The weekend section of Asahi Shinbun has a fun regular feature where they present some recent surprising statistic (ok, I think it's fun; your mileage may vary). It's short and simple enough that I can read it without too much trouble. Today they displayed the total one-way commuting time for students (including university students) and workers, respectively, in the Tokyo and Osaka areas, and how it changes over time (sorry, not online; I eyeballed the numbers for the Osaka area in the graph below). The current one-way average time for students and workers is about 72 and 67 minutes around Tokyo and 76 and 63 minutes around Osaka.
The piece highlights the fact that students in fact spend more time than workers on the commute though the common perception is very much the opposite. I find two other things more interesting, though: first that my own commute, at an hour and ten minutes, is just about exactly average. And since I travel against the flow so to speak - out of the city in the morning, in again at night - I get to sit quite comfortably for most of my trip; I have nothing at all to complain about in other words.
The other interesting thing is the dip in the graph. The 1995 peak coincides with the economical bubble in Japan and the subsequent dip with the recession. What, I wonder, is the actual reason for that?
It's not employment directly. The survey is the time taken for commuters, so people not commuting - like the unemployed - aren't counted. Besides, the school commute shows the same peak and dip, and I don't think school attendance swings up and down along with employment. If anything, university and trade school enrolment would tend to move in the opposite direction as people without work choose to study instead.
So the distance commuted is changing, perhaps. People move closer to their workplace when economy is bad, and further away when it is good. Not impossible: move to leafy suburbs with big houses in good times, or scrimp and save in cheap company-owned dormitories in bad. The overall trend would be explained as well, with more people moving to suburbs over time. But while the underlying trend may be explained in part by this it doesn't feel like you'd see such a large effect from the bubble, recession and recovery on this short a time scale. And it's not changing to jobs closer or further away either; if anything I'd expect the average workplace to be further away in a recession, as you can't be as picky about what job you take.
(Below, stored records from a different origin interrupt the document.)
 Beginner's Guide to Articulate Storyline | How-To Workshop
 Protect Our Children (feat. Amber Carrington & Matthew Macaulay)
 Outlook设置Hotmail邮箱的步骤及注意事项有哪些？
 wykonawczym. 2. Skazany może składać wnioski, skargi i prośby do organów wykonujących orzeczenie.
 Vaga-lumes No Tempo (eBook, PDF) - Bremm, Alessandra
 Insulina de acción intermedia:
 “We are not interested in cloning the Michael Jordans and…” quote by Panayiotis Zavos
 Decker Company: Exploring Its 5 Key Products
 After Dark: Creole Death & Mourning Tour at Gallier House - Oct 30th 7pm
So perhaps distance doesn't change but the time taken does. The government will tend to splurge on public infrastructure in down years in order to stimulate the economy - you'd get more bus lines, denser train departures and new roads, bridges and tunnels; the Japanese government is of course notorious for spending money in this manner. But then, those bridges or buses don't generally disappear again in boom years (the great thing about infrastructure is that it tends to stick around), so you wouldn't see such a neat uptick in commuting time in good years.
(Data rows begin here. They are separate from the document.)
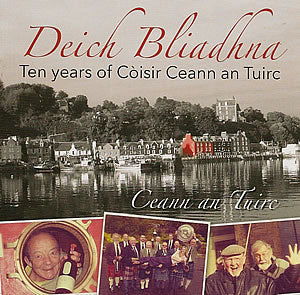 cover image for Còisir Ceann An Tuirc (The Boar's Head Choir) - Deich Bliadhna - Ten Years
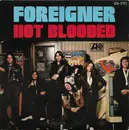 7inch Vinyl Single - Foreigner - Hot Blooded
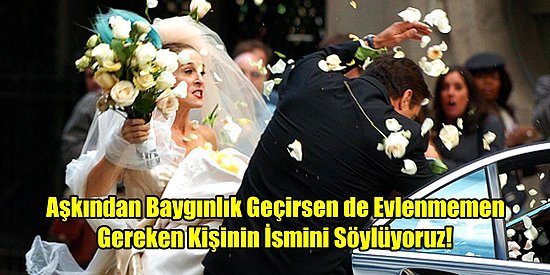 Aşkından Baygınlık Geçirsen de Evlenmemen Gereken Kişinin İsmini Söylüyoruz!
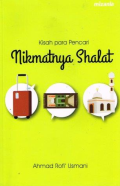 Kisah Para Pencari Nikmatnya Shalat / Ahmad Rofi Usmani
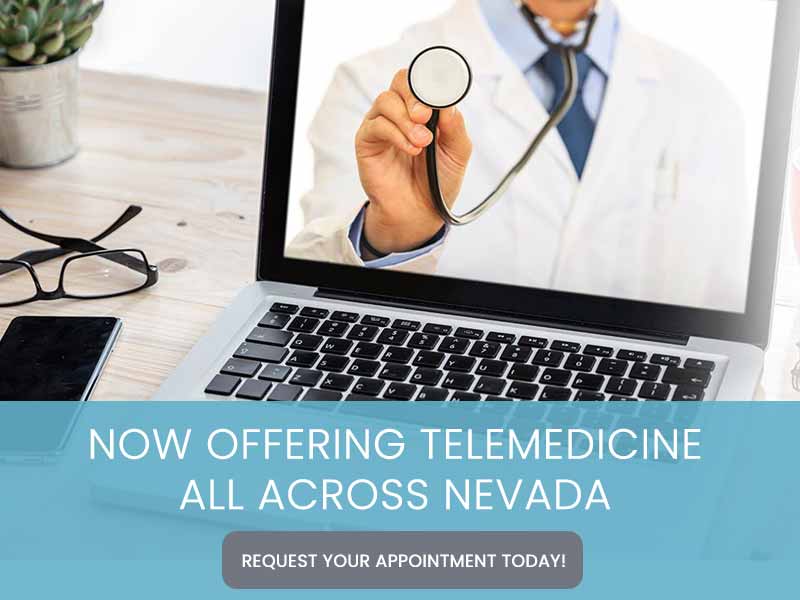 Now Offering Telemedicine All Across Nevada - Request Your Appointment Today! Now Offering Telemedicine All Across Nevada - Request Your Appointment Today!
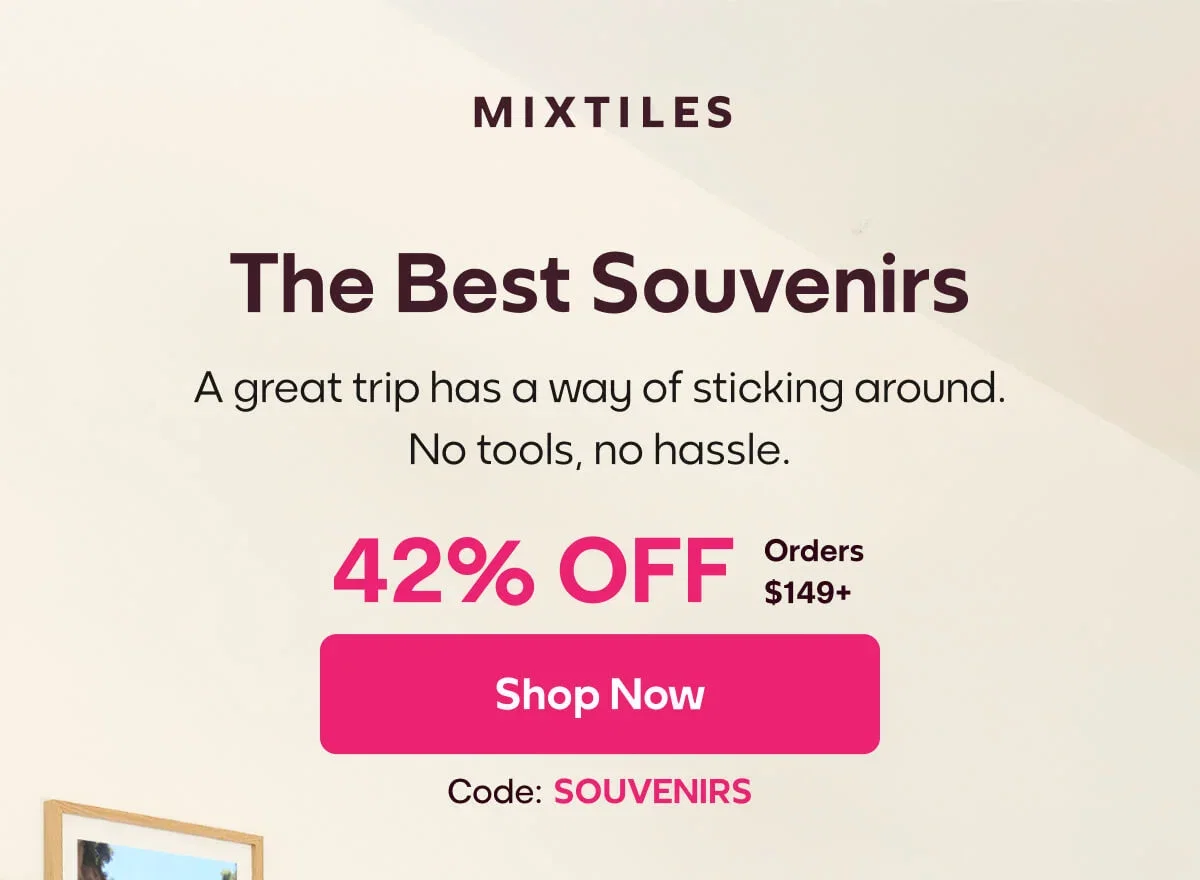 [MIXTILES] A great trip has a way of sticking around with Mixtiles. | ORDER NOW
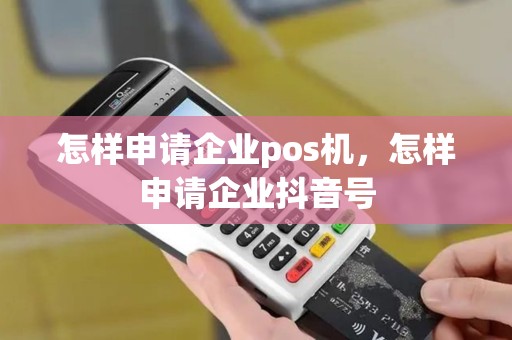 怎样申请企业pos机，怎样申请企业抖音号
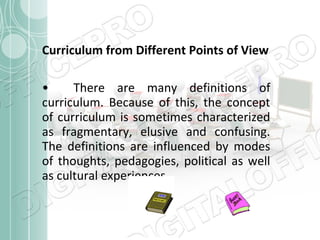 Curriculum from Different Points of View
•
There are many definitions of
curriculum. Because of this, the concept
of curriculum is sometimes characterized
as fragmentary, elusive and confusing.
The definitions are influenced by modes
of thoughts, pedagogies, political as well
as cultural experiences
The final possibility - and my guess - is other commuters. With a better economy you have more people commuting. Which means more traffic congestion, full trains and delayed buses. And I suspect especially that in a boom economy more people use their car rather than public transport, something which especially in dense urban areas can actually take you longer than the subway (and longer still, of course, when stuck in a traffic jam due to all the other car-borne commuters).
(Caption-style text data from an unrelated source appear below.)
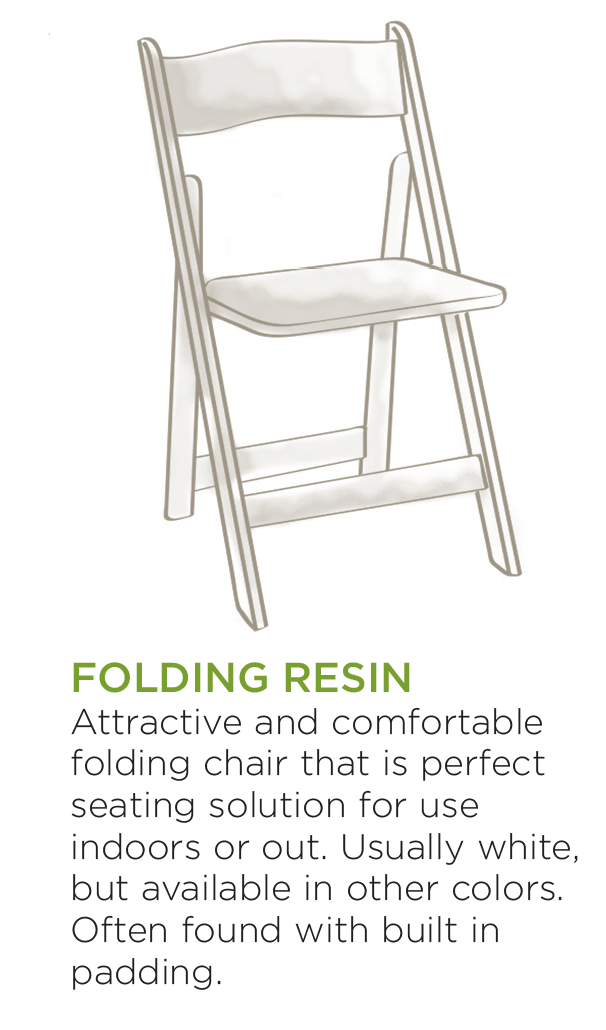 FOLDING RESIN Attractive and comfortable folding chair that is perfect seating solution for use indoors or out. Usually white, but available in other colors. Often found with built in padding.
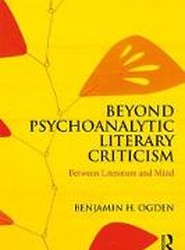 Beyond Psychoanalytic Literary Criticism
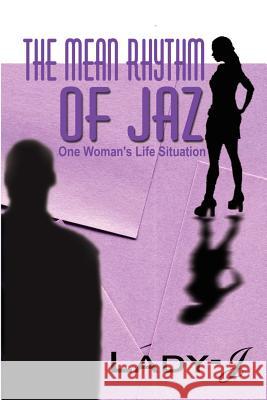 The Mean Rhythm of Jaz: One Woman's Life Situation Lady J 9781403306876 Authorhouse - książka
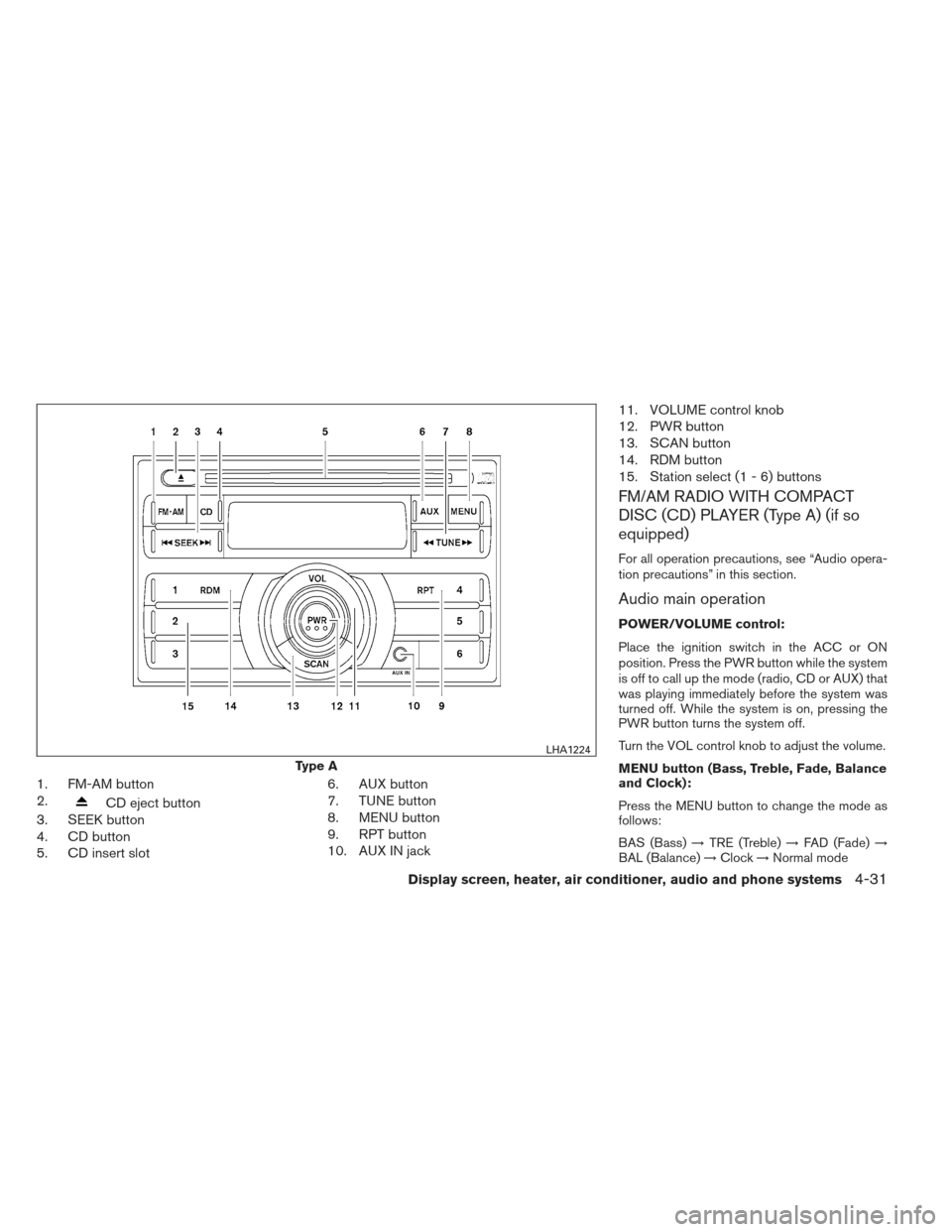 NISSAN VERSA SEDAN 2013 2.G Owners Manual 1. FM-AM button
2.
CD eject button
3. SEEK button
4. CD button
5. CD insert slot 6. AUX button
7. TUNE button
8. MENU button
9. RPT button
10. AUX IN jack11. VOLUME control knob
12. PWR button
13. SCA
So, if the trip to work or school seems to take longer than ever, be happy - things are going well overall in other words. If your commute is getting faster and smoother on the other hand, it's time to worry about job security. And if you're the only living person in sight one morning, it's time to wonder if you perhaps should have paid a bit more attention to that news flash on some radioactive giant reptile attacking the city. Remember, learning important Japanese like "怪獣" (kaijuu) may save your life one day. Or at least let you sleep late one morning.